9. The short question, which arises for consideration in this appeal, is whether the High Court was right in dismissing the Revenue’s appeal in limine holding that it did not involve any substantial question of law.

10. Having heard the learned counsel for the parties and on perusal of the record of the case, we are of the view that the High Court was not justified in dismissing the appeal on the ground that the appeal did not involve any substantial question of law.
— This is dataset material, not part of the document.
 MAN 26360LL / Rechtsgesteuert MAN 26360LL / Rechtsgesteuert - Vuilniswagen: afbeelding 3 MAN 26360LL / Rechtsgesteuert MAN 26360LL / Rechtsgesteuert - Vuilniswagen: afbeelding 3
We are, therefore, constrained to allow this appeal, set aside the impugned order and remand the case to the High Court for deciding the appellant’s appeal afresh on merits in accordance with law.

11. In our considered view, the following substantial questions of law do arise in this appeal filed by the Revenue (appellant herein) under Section 260-A of the Act in the High Court against the order dated 03.06.2016 passed by the ITAT in Appeal No. 1870/DEL/2010 and the same should have been framed by the High Court for deciding the appeal on merits in accordance with law:

1. Whether the ITAT was justified in holding that the notice issued by the AO under Section 148 was bad in law when admittedly the impugned notice was issued in the case where the assessment was made under Section 143(1) of the Act but not under Section 143(3) of the Act.
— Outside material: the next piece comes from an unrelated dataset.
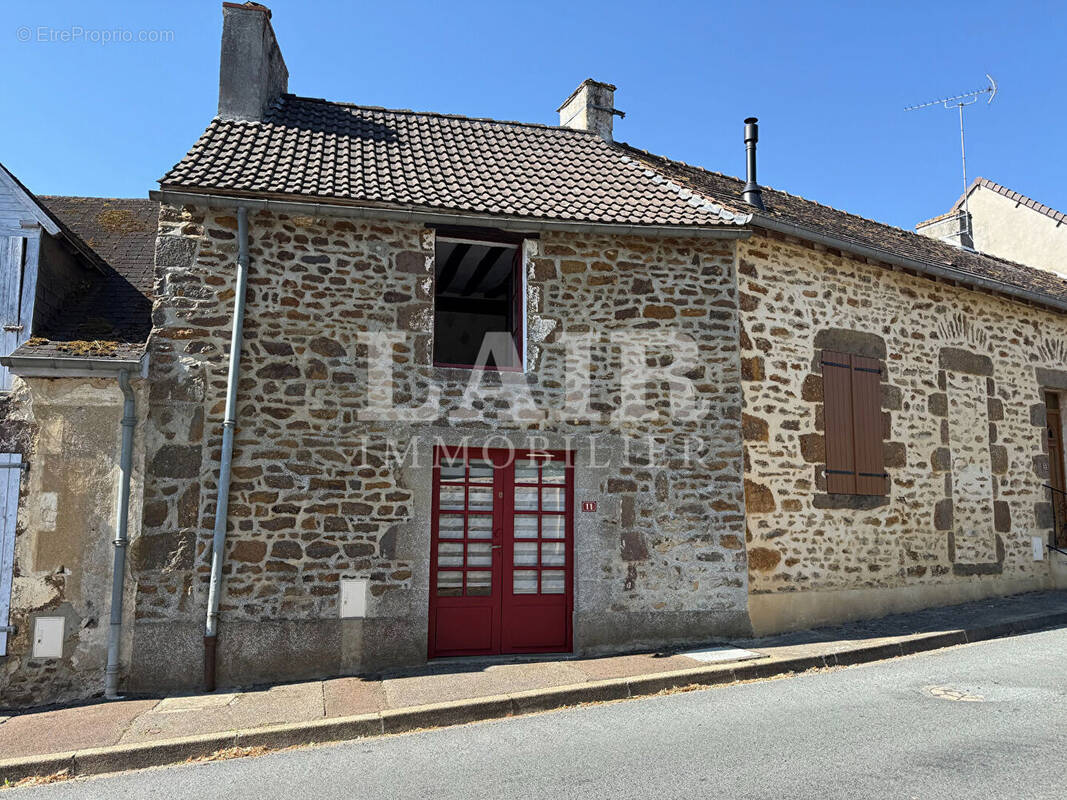 Maison à FRESNAY-SUR-SARTHE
2. Whether the ITAT was justified in holding that the notice issued under Section 148 of the Act was bad because it was based on mere change of opinion by overlooking the fact that there was no foundation to form any such opinion.

3 When admittedly the notice in question satisfied the requirements of Section 148 of the Act as it stood, namely, that first, it contained the facts constituting the “reasons to believe” and second, it furnished the necessary details for assessing the escaped income of the assessee, whether the ITAT was still justified in declaring the notice as being bad in law without taking into consideration any of these admitted facts.

4 In case, if the notice is held proper and legal, whether the finding recorded by the ITAT on the merits of the case on each item, which is subject matter of the notice, is legally sustainable.

12. In our considered view, the aforementioned four questions framed need to be answered by the High Court on their respective merits while deciding the appeal filed by the Revenue (appellant herein) under Section 260-A of the Act.

13. We are, therefore, of the view that such order is not legally sustainable in law and hence deserves to be set aside.

14. In view of the foregoing discussion, the appeal succeeds and is accordingly allowed. The impugned order is set aside. The case is remanded to the High Court for answering the aforementioned questions on merits in accordance with law.

15. Since we have formed an opinion to remand the case to the High Court for its fresh disposal on merits, we have not expressed any opinion on the merits of the case while deciding this appeal. The High Court will, therefore, decide the appeal uninfluenced by any observation made by this Court in this order.